In the introduction to this variorum edition of Cather's first collection of stories, James Woodress, distinguished American literature scholar and Cather biographer, points out that Cather regarded her short fiction as her literary apprenticeship and wrote few stories after she began publishing novels. One could also observe that Cather did not develop the genre significantly and accordingly is infrequently anthologized. At the same time, it should be pointed out that her stories are important because they anticipate the novels thematically and, perhaps more importantly, because they provide us with a venue for the development of her craft.
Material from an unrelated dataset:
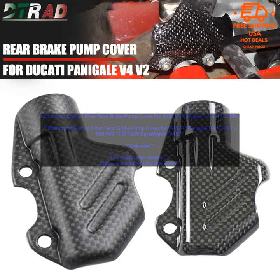Pros: Stylish carbon fiber finish. Protects the rear brake pump from damage. Lightweight and durable. Easy to install.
That interest is particularly well served by this new volume, which records all the changes Cather made in the stories and allows us to observe the author refining and polishing her work. For some stories there are as many as four versions: magazine publication, The Troll Garden (1905), Youth and the Bright Medusa (1920), and The Novels and Stories of Willa Cather (1937-41). Sometimes revisions are a matter of sonority: "gentle bitterness" becomes "quiet bitterness"; or sometimes a matter of clarification: "table" becomes "side table," "linen" becomes "new shirts." In other places Cather was toning down excess: "orgy of grief" becomes simply "behaviour." Revisions of "A Wagner Matinee" reflect family objections to Cather's creation of an unflattering portrait of her aunt, and we find her deleting passages that make Aunt Georgiana of the story appear grotesque. The largest section of the "Table of Revisions" records variants for "'A Death in 278 the Desert,''' which Cather continually reworked but finally dropped from The Novels and Stories as unsatisfactory. Because almost no known manuscripts are available, these variants in the published versions of Cather's short stories provide scholars with a rare opportunity to assess the author's writing process.
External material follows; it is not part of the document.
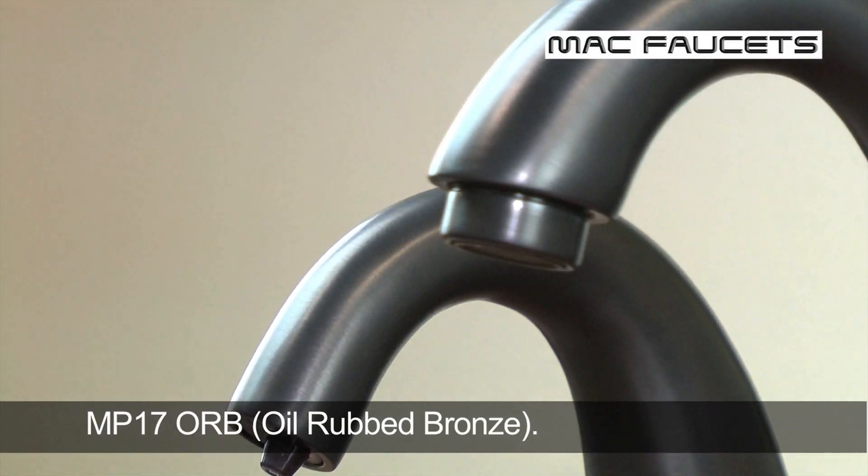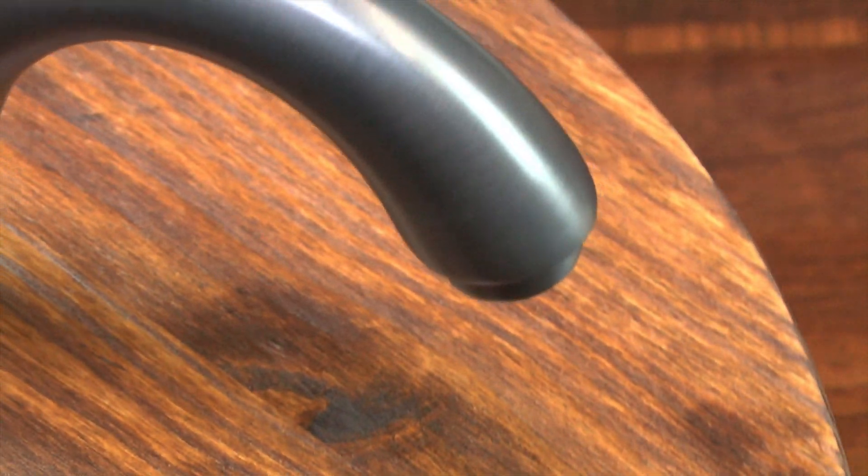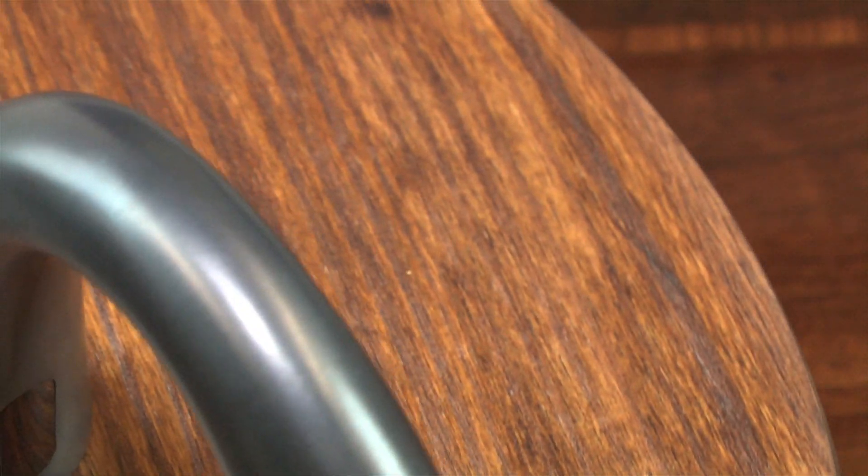Hello, my name is Fadi Shakur. I am the founder and president of Mac Faucets LLC. Today I'd like to talk to you about the MP17, a matching pair of electronic faucet and electronic soap dispenser.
Cather's fiction is full of subtle allusions based on her wide reading, and W oodress provides a valuable set of notes to the text. For example, he identifies Lucretius as the likely source for the phrase "the swift feet of the runners" in "'A Death in the Desert'" and gives explanations of unfamiliar names and places such as Rudel of Tripoli and the Ecole des Chartes. A minor point: "The Baggage Coach Ahead" in "'A Death in the Desert'" is not a fictitious title, as Woodress notes, but was a popular song composed by the black songwriter and railroad porter Gussie L. Davis in 1896. This sentimental tearjerker evokes the grief of a widower and child for their loved one whose body is on the train. Cather's mortally ill heroine is rejecting such sentimentality. Cather's misquotation of the title, which is actually "In the Baggage Coach Ahead," probably accounts for the editor's difficulty in tracking it down.

Woodress has collated Cather's texts and recorded the variants with meticulous care. There is also a list of emendations introduced into the copy text and a list of word divisions. But the scholarly apparatus, as the dust jacket states, in no way intrudes on the text of the stories themselves. This is a fine piece of scholarship and a worthy addition to the University of Nebraska Press library of books by and about Willa Cather.